Exercise prompt
Please reproduce, exactly and with nothing added, the line containing "Alfa Romeo Giulia Steering Wheel" and every line after it to the end of the records.

The data
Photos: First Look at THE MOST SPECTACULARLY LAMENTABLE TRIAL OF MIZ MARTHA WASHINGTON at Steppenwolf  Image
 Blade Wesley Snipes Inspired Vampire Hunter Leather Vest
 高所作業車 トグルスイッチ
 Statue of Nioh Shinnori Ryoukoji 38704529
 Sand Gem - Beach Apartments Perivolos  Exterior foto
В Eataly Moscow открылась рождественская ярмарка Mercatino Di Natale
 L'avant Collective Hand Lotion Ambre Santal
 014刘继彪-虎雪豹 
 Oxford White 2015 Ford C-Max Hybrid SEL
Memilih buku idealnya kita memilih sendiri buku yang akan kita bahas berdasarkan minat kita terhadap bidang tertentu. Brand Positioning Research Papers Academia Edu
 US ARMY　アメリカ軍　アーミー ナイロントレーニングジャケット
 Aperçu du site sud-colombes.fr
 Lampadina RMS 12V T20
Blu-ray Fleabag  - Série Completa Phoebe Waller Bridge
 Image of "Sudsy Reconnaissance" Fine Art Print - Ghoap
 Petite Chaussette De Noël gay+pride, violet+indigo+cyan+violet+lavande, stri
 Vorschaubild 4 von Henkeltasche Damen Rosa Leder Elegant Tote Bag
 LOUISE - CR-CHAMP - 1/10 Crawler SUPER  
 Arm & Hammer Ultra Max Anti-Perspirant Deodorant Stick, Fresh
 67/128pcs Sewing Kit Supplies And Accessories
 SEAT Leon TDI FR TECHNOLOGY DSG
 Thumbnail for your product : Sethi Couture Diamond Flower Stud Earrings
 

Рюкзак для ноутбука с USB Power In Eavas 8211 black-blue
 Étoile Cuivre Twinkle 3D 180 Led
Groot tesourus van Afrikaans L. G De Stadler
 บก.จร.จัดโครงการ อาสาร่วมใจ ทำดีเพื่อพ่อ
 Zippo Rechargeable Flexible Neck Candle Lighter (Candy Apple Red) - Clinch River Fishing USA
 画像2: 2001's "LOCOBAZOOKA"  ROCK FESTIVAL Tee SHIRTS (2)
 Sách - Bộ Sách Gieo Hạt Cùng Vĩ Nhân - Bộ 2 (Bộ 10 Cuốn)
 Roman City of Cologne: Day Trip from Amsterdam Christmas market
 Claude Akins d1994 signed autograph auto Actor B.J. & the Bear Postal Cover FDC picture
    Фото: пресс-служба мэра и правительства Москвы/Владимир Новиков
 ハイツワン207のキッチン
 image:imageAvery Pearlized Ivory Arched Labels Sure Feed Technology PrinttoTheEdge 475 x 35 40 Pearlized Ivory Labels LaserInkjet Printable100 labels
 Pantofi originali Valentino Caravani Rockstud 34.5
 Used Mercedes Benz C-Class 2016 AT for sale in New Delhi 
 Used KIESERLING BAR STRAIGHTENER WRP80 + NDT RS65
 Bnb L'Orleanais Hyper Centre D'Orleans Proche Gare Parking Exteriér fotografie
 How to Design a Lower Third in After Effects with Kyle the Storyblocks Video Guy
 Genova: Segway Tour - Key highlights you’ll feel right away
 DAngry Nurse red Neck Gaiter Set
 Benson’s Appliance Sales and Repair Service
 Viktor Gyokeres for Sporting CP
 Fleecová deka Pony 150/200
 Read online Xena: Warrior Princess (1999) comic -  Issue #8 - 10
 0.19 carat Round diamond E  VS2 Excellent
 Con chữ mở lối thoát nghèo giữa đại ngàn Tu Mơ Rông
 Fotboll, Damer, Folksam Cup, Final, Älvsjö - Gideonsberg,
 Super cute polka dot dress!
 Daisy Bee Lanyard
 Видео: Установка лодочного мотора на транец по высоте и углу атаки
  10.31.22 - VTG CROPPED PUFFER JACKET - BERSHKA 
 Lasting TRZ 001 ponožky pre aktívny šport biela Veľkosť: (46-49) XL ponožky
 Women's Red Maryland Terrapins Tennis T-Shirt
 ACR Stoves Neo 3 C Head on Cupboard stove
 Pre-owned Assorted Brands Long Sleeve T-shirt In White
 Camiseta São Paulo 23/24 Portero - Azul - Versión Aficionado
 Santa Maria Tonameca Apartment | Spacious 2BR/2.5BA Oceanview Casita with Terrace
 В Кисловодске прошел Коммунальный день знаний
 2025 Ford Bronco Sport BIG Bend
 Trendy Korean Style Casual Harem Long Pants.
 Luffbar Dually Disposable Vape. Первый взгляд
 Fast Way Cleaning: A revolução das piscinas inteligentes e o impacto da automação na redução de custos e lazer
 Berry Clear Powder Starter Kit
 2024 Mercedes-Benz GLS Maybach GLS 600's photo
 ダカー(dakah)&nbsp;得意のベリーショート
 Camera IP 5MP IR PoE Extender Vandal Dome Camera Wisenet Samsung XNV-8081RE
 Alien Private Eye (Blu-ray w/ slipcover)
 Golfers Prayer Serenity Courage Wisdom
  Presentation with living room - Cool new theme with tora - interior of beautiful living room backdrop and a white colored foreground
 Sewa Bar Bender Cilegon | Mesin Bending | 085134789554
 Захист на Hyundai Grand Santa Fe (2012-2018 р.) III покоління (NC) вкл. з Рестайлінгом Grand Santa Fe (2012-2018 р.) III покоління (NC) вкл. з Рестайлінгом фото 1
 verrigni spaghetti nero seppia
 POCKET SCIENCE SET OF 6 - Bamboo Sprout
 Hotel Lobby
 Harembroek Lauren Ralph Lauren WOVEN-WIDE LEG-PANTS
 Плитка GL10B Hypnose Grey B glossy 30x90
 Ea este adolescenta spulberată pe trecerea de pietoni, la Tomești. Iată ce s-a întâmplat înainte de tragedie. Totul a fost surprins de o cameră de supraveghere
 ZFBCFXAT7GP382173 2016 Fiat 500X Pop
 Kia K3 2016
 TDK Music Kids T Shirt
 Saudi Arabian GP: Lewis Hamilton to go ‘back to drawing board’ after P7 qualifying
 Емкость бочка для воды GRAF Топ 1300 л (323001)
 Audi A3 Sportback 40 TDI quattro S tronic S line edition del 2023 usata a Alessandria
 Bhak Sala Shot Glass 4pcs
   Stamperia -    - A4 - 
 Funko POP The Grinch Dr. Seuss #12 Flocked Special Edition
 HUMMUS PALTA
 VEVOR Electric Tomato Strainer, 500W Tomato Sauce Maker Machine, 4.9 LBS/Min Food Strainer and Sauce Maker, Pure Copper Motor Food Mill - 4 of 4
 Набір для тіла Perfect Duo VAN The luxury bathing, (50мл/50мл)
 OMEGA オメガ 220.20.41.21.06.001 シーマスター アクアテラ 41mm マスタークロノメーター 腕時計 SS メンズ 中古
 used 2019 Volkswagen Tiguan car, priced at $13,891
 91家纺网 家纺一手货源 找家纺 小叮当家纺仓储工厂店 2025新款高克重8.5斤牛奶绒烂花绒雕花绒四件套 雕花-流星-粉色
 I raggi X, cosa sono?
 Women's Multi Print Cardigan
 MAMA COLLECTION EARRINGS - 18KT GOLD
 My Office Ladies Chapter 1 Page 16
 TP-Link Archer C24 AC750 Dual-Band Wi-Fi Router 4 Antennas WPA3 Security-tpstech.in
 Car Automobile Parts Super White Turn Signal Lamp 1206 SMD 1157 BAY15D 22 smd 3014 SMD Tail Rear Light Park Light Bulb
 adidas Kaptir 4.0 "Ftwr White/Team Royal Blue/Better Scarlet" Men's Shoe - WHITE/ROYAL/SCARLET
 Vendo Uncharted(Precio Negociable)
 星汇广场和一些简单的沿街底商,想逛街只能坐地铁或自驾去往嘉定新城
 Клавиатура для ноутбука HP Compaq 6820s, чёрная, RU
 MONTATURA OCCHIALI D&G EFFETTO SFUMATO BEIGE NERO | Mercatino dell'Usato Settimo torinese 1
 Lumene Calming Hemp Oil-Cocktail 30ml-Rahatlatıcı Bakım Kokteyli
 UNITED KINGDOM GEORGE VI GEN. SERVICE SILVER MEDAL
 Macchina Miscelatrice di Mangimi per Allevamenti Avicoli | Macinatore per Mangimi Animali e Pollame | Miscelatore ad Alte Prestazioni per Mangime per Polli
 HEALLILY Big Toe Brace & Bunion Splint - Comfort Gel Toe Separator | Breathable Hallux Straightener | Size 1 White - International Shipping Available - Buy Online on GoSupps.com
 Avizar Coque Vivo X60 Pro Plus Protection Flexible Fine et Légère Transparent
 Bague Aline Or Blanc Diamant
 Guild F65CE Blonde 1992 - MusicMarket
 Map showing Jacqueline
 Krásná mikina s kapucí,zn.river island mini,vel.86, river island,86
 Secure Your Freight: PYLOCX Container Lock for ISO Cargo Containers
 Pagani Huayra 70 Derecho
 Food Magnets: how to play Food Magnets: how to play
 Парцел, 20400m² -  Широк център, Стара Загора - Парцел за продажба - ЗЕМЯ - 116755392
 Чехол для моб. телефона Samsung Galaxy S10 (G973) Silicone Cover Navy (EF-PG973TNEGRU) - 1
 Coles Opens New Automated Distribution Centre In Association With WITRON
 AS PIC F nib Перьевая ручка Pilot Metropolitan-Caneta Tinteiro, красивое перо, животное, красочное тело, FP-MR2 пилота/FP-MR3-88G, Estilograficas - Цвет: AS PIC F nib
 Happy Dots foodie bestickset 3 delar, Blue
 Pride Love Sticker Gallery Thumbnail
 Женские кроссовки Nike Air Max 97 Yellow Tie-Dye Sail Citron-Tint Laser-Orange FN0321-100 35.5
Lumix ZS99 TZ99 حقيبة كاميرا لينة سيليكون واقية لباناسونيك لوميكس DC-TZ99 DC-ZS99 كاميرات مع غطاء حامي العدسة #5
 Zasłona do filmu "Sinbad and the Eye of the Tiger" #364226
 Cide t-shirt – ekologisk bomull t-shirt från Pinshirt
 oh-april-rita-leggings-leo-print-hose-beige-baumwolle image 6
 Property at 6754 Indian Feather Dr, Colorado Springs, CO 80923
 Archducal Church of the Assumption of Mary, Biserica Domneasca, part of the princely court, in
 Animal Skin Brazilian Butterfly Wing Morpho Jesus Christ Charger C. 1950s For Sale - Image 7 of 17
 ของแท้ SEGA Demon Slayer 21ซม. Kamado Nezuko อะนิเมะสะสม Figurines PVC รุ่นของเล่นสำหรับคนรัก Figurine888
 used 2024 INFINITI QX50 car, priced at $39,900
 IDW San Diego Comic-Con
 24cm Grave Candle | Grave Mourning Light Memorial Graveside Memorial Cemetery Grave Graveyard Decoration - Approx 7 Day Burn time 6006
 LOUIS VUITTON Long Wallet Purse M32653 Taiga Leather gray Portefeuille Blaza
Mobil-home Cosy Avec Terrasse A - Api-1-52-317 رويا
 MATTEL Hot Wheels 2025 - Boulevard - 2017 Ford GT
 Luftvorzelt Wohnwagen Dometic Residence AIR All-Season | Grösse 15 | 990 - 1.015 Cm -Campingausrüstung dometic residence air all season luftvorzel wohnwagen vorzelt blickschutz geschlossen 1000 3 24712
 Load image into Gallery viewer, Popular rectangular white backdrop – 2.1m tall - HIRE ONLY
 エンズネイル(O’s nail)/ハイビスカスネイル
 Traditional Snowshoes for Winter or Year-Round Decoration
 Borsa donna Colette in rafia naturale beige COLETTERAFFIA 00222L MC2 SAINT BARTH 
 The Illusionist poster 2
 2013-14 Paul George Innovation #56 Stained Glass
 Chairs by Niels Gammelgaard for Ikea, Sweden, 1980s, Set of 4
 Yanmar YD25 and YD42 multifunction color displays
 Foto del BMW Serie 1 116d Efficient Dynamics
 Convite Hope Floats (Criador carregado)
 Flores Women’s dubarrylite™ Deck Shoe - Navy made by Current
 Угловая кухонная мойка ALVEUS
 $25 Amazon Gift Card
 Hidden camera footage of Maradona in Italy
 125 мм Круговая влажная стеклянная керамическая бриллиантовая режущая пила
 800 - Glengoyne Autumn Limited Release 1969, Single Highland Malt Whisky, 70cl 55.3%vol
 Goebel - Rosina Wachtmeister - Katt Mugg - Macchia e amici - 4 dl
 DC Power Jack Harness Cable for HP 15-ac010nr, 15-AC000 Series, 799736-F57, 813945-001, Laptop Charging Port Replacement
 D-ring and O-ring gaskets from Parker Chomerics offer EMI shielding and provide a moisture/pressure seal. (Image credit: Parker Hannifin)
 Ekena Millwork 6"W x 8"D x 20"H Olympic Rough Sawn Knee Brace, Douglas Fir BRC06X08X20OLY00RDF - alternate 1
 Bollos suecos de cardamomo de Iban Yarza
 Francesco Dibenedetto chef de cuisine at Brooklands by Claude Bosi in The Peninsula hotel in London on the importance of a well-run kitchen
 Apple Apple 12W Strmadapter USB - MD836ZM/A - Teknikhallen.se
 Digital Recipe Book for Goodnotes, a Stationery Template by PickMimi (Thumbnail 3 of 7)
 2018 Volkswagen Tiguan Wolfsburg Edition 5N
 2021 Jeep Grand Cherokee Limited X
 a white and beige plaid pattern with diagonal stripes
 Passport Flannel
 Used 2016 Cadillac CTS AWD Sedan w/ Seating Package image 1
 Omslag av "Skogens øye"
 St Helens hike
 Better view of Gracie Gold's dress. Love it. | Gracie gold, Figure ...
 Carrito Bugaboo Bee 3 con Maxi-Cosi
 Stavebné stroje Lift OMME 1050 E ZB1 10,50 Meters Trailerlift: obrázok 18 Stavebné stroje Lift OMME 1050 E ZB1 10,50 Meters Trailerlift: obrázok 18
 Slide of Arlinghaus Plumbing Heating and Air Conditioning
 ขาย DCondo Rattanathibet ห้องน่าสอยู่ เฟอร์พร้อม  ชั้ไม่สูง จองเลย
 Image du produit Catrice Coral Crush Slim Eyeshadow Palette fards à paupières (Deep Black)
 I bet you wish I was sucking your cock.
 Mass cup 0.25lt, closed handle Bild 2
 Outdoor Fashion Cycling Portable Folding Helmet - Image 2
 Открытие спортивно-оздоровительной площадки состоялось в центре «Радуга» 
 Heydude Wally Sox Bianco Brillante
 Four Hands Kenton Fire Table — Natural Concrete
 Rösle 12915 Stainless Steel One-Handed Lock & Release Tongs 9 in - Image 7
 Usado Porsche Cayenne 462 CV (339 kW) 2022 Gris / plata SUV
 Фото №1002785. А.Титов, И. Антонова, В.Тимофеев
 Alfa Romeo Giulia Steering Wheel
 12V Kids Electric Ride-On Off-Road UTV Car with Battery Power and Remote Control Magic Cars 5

The answer
 Alfa Romeo Giulia Steering Wheel
 12V Kids Electric Ride-On Off-Road UTV Car with Battery Power and Remote Control Magic Cars 5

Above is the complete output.